Ahiqar and Rabbinic Literature

Richard Kalmin
Rabbinic Literatures and Cultures, Jewish Theological Seminary

This paper argues that remarkably close parallels exist between the Book of Ahiqar and a lengthy story in Bavli Bekhorot depicting interaction between R. Joshua ben Hananyah and the Athenian Elders. It is not necessary to say that the Bavli used as its source the actual Book of Ahiqar, although that possibility cannot be excluded. It is enough to say that the two compilations drew upon a shared storehouse of ancient near Eastern folk motifs available in the eastern Roman provinces and east of Byzantium. According to the latter understanding, we are justified in viewing the Babylonian rabbis, in common with the authors, translators, and transmitters of Ahiqar, as partaking of a vast shared cultural heritage, which in subsequent centuries travelled further east and became known to the people of Persia and India as well.
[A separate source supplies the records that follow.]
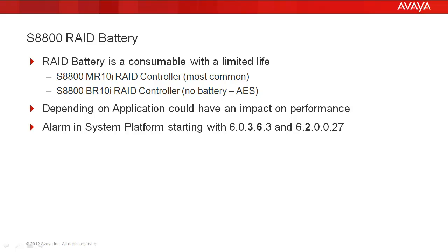The second RAID controller option was the BR10I. This allowed the applications to set up as RAID 0 or 1, and it did not allow writing to cache and there is no battery involved. So what we'll be doing today, we'll be looking at the MR10I.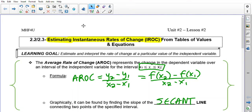Hello class, today we're going to go over Unit 2 Lesson 2, which combines 2.2 and 2.3: estimating the instantaneous rate of change, or IROC, from a table of values and equations. Key words here are 'estimating' and the new term 'instantaneous rate of change.' We'll never actually be able to find the exact rate of change at a certain instant, but we have tools to help us estimate and make a good educated guess.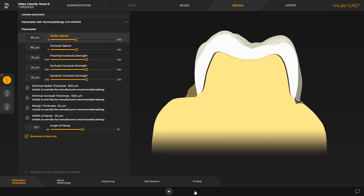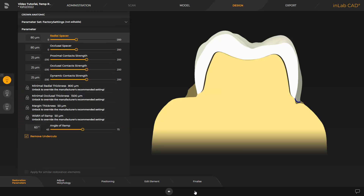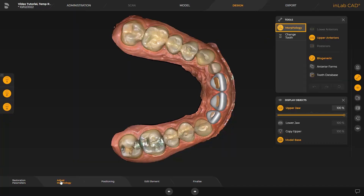If necessary, further adjustments can be made in the Restoration Parameter step. Parameters marked with a lock indicate manufacturer presets, which you can modify at your own risk. Now we move to the Adjust Morphology step. The Morphology tool lets you specify the shape of the front teeth. With the Change Tooth tool, you can modify the shape of individual teeth. We make no modifications and move on directly to the next step, Positioning.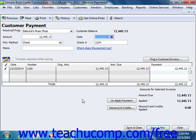When you have finished receiving customer payments, click the Save and Close button to save and close the Receive Payments window. If you have other customer payments to process, you may find it easier to click the Save and New button to save the transaction but leave the Receive Payments window open.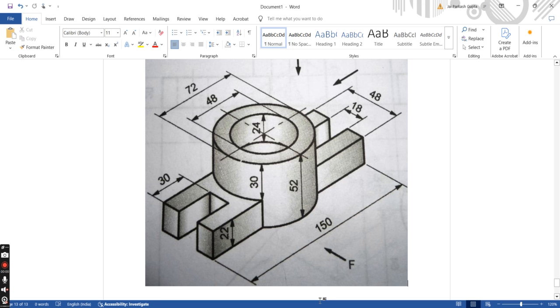Hello friends, welcome to my channel. In this video, we will learn how to draw a 3D model in AutoCAD. I have selected this drawing and we will prepare a 3D model of it.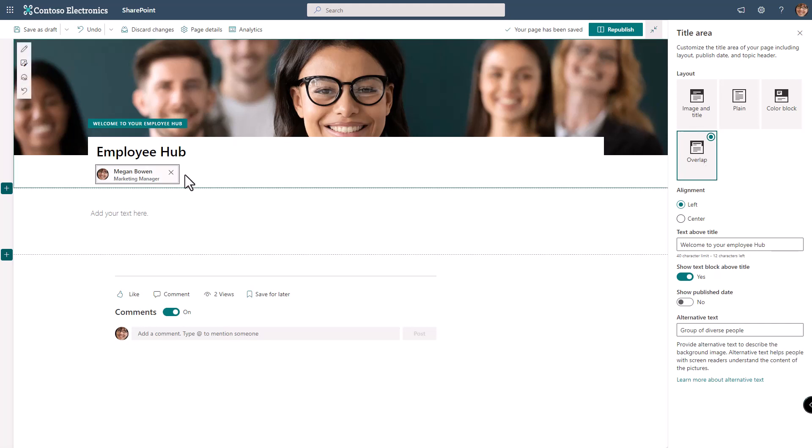Something else that happens is that the page automatically adds the person who created the page as the author of the page. If this is a generic site and that's not important, you can remove them or replace them completely with another person. When you publish the page, if there's nobody designated, this will not show.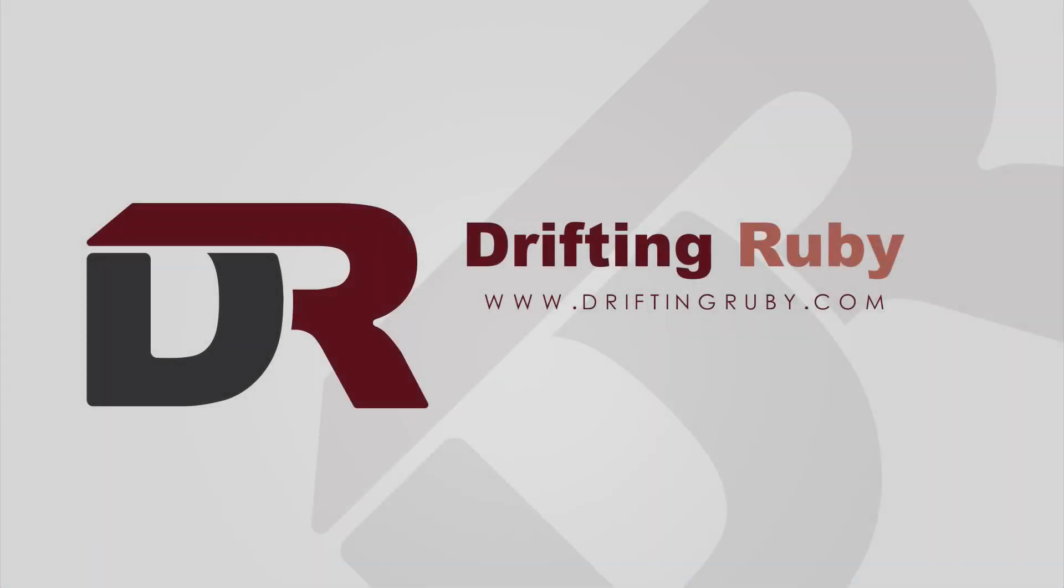To watch this full episode and more videos, visit DriftinRuby.com and subscribe to the Pro membership.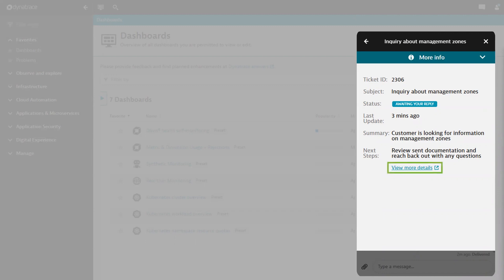Clicking the View More Details link will allow you to view this specific conversation in the My Request page, where you can choose to add additional users as CCs to participate via email.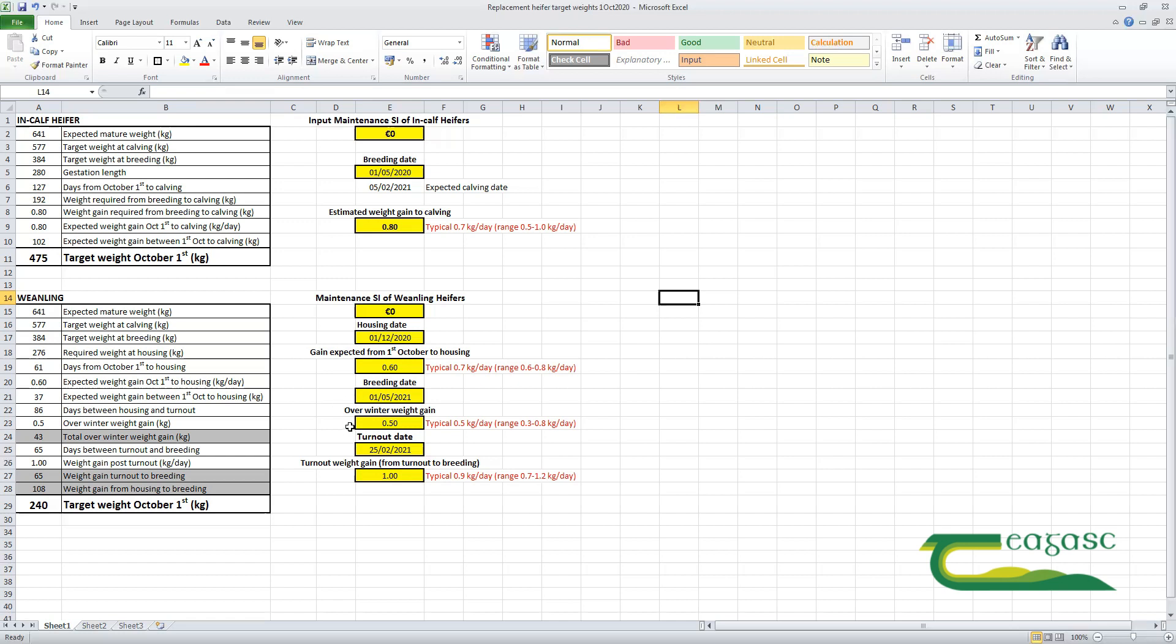Overwinter gain of around half a kilo—the typical gain is 0.5 to 0.6 but it can vary from 0.3 to 0.8 kilos a day. We'll go for an early turnout of the 25th of February next year and a gain between turnout and breeding of around a kilo a day.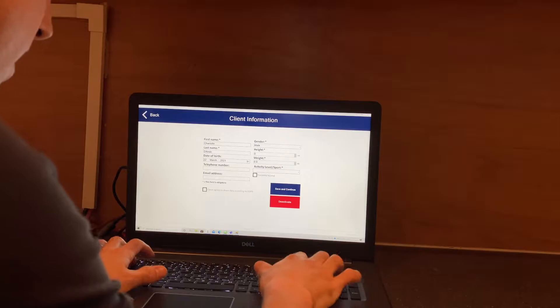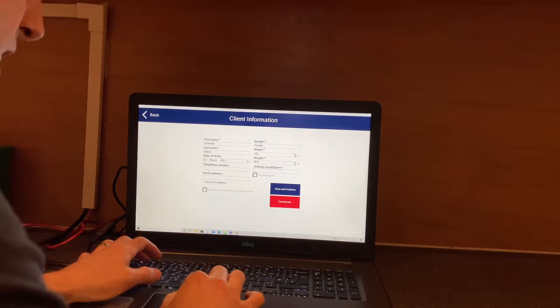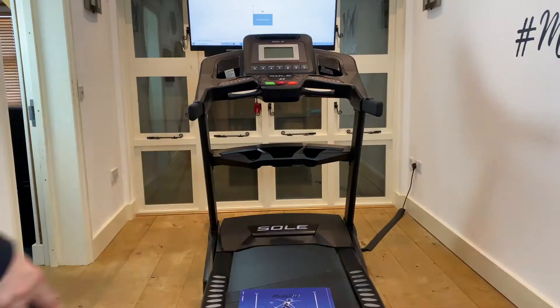Welcome to using Run3D within NK-Active. This is our 3D gait analysis system.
This conclusion supports my claim in earlier research that Jewish Babylonia, to a greater degree than earlier scholars imagined, was part of the Mediterranean world, and/or was part of the emerging but never fully realized elite culture, a refinement of a previously existing non-elite culture, forming between Egypt and Greece on the one hand, and Armenia and the Arabian Peninsula on the other.